Segment Open

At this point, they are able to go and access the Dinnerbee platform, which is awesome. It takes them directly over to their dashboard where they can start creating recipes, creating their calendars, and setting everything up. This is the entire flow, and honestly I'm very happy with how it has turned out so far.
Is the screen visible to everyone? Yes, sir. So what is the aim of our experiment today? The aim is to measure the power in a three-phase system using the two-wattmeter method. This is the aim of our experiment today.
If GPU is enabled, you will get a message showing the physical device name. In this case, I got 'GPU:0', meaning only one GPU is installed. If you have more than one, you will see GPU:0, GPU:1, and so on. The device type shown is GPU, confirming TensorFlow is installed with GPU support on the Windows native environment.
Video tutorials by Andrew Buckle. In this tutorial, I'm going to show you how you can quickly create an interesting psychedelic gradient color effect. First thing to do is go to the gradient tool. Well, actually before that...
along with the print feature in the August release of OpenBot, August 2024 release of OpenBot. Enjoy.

Segment Closed
Segment Open

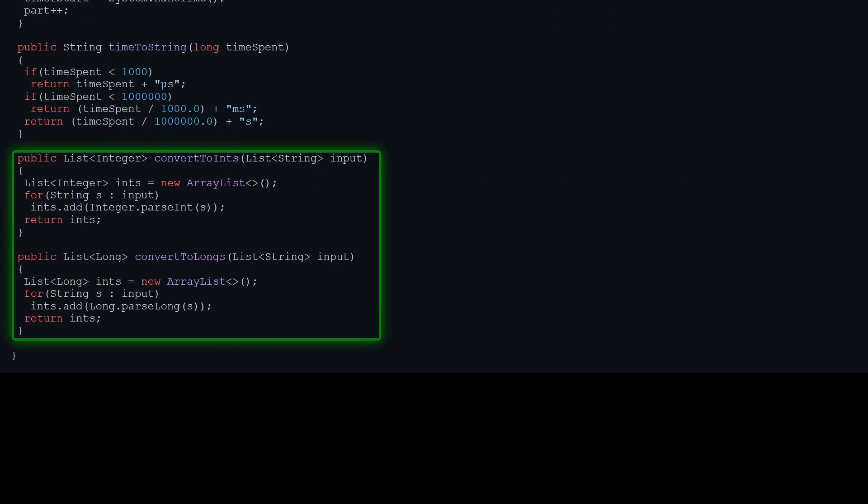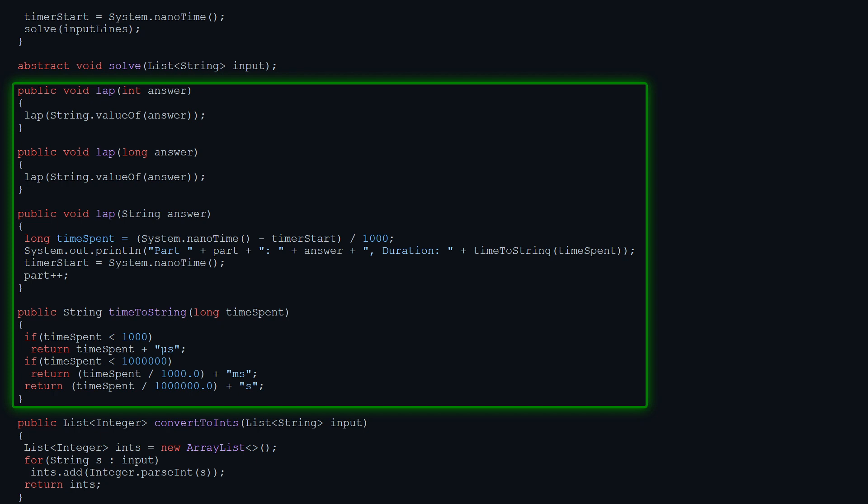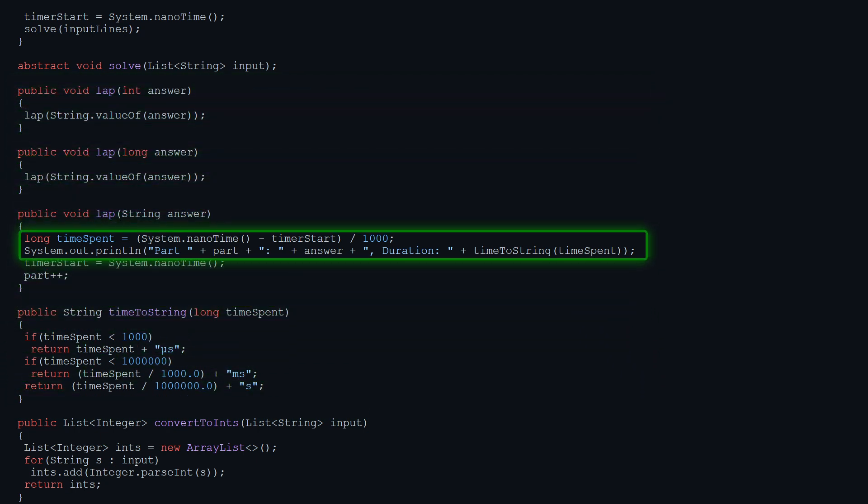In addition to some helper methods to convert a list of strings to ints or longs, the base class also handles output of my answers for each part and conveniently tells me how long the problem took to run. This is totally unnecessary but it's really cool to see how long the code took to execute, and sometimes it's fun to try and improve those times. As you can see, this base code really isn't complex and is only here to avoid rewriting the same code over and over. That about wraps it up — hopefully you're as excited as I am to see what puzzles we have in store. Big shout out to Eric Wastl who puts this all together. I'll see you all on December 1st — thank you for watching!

Segment Closed

Work to be completed
Using the entries above, give back exactly the line containing "Video tutorials by", the line containing "along with the", and every line between them, and nothing else.

Solution for this problem
Video tutorials by Andrew Buckle. In this tutorial, I'm going to show you how you can quickly create an interesting psychedelic gradient color effect. First thing to do is go to the gradient tool. Well, actually before that...
along with the print feature in the August release of OpenBot, August 2024 release of OpenBot. Enjoy.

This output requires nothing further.